Mr. Timmons frowned. “Dr. Alfred Spurrier hasn’t practiced medicine for some years. And I suspect he rather enjoys his lofty administrative position a trifle too much. Announcing a Plague wouldn’t benefit him in the least.”
“But ignoring it won’t much benefit its victims,” I noted.
“I am supposing not, Miss Knight,” the doctor said and helped himself to more toast. “Even more so because it’s not really the Bubonic Plague anymore.”
I reached for my cup, for I suspected I’d be in need of further fortification. “Then what, dare I ask, is it?”
“It is seeming to be a mutation or hybrid of sorts,” Dr. Ribeiro enthused as only a doctor could when discussing mutating diseases. “I am finding Trypanosoma brucei in the victims.”
“Trip-a-what?” Mr. Timmons inquired, although he seemed disinterested in the definition and was merely humoring our friend.
“It’s the parasite that causes sleeping sickness,” I said. “It’s transmitted by the tsetse fly.”
Dr. Ribeiro beamed at me. “Exactly correct, Miss Knight. But that’s not being all.”
I huffed. “Of course not. Heaven forbid we should have a disease that merely combines the Bubonic Plague with sleeping sickness.”
“And I’m so happy there is no forbidding,” Dr. Ribeiro said, his eyes gleaming as I imagined a child’s would when confronted by a pile of presents. “For there is another element that is combining with these diseases to cause a condition that is reminding me of zombies.”
“Zombies?” I repeated while Mr. Timmons snorted.
“Zombies,” Dr. Ribeiro affirmed. “It is the condition being referred to as Necrosis.”
“Death?” I asked.
“Yes, but in this condition, it is death only to parts of the body,” Dr. Ribeiro said, his eyes glowing brighter at the imagery he was conveying. “In mild cases, it is only being a patch of skin. But in extreme cases, it is a whole limb that dies and rots away even as it is attached to a living body. The person is living and breathing, but with a dead, rotting arm or leg.”
“Let me offer a guess as to which version we are facing here,” Mr. Timmons drawled. “It’s the extreme case.”
Dr. Ribeiro nodded his head with great enthusiasm. “Oh, yes! A perfectly perfect guess. The case is being very extreme. I believe after a few days of infection, a person will be carrying around at least two whole limbs that are dead. It is a most fascinating infection, combining as it does with the Plague and the sleeping sickness.”
“Fascinating,” I repeated with significantly less zeal.
There was a pause during which we gathered our thoughts which were now scattered between breakfast and mutating diseases.
“So what are the symptoms?” Mr.

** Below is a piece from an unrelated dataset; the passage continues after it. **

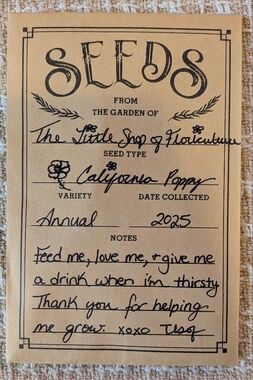 California Poppy Seed Packet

Timmons was now fully engrossed in the doctor’s elucidation, and had abandoned tea and toast to studiously listen.
“Oh, I am most happy you should be asking, Mr. Timmons,” Dr. Ribeiro said with a grand smile that beamed through his dark goatee. “Just as with Bubonic Plague, we are having the buboes, those enlarged and so very painful lymph nodes. Sometimes they pop open and it is being a very messy business.”
I set down my toast and frowned at it. The jam was messy as well.

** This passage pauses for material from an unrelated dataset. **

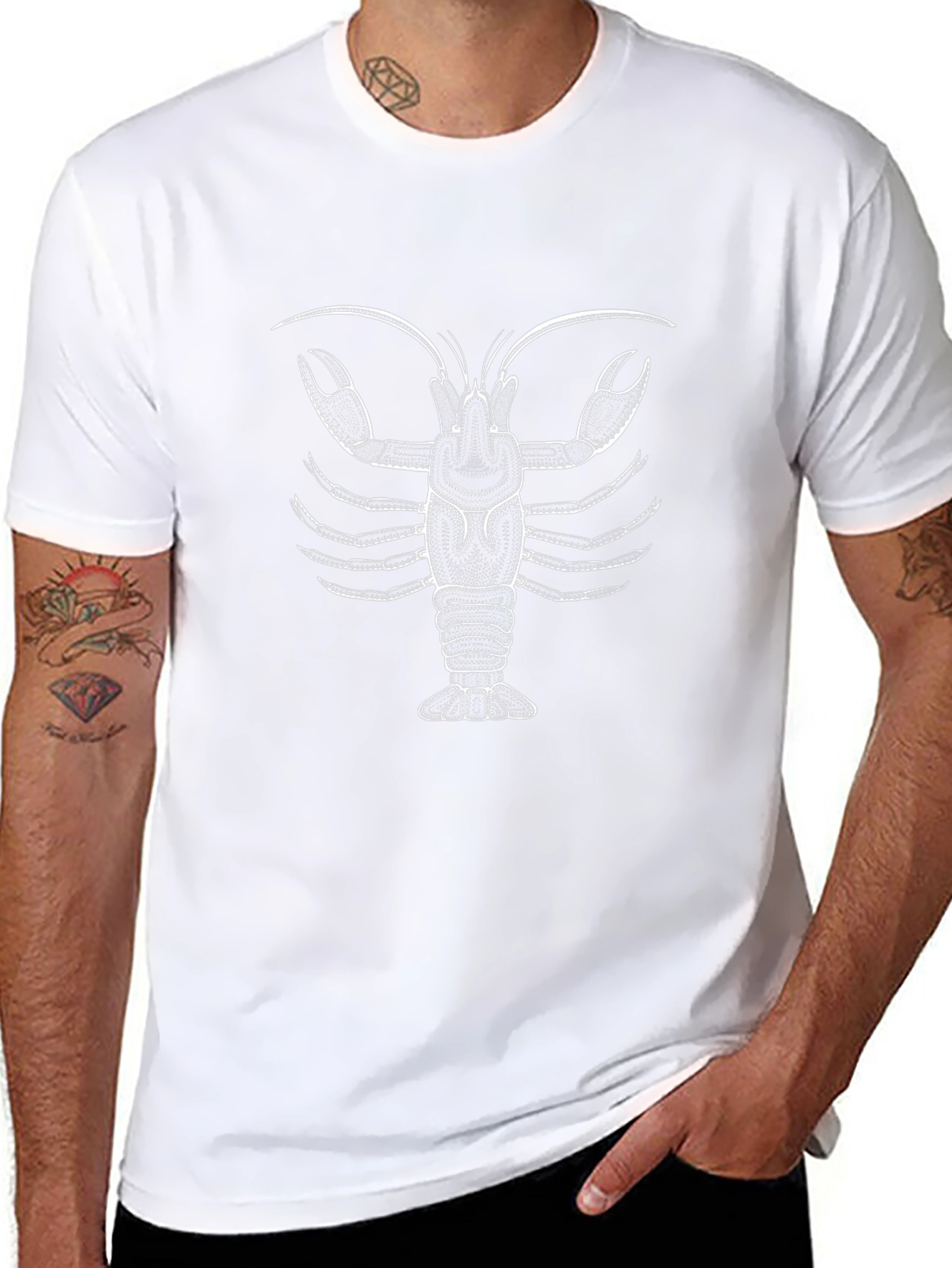 Lobster Graphic Print Crew Neck T-Shirt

“Then the sleeping sickness, which is making people very zombie-like in their alertness,” the doctor persisted in his description. “They lose interest in their surroundings, they are in a very sleepy state, their speech is being slurred, they don’t want to eat, and their mental capacity is greatly diminished. And finally the necrosis of limbs. It is all so much like a zombie, isn’t it?” He let out a contented sigh.
I finished the toast. Messy or not, the jam tasted better than it looked, which was most fortuitous for my appetite.
“Cure?” Mr. Timmons asked.
“Not one,” Dr. Ribeiro announced with a flourish of a hand. “The best cure is being prevention. The Plague was introduced by fleas, but now, the combined, mutated version can be passed from physical contact. Person to person.”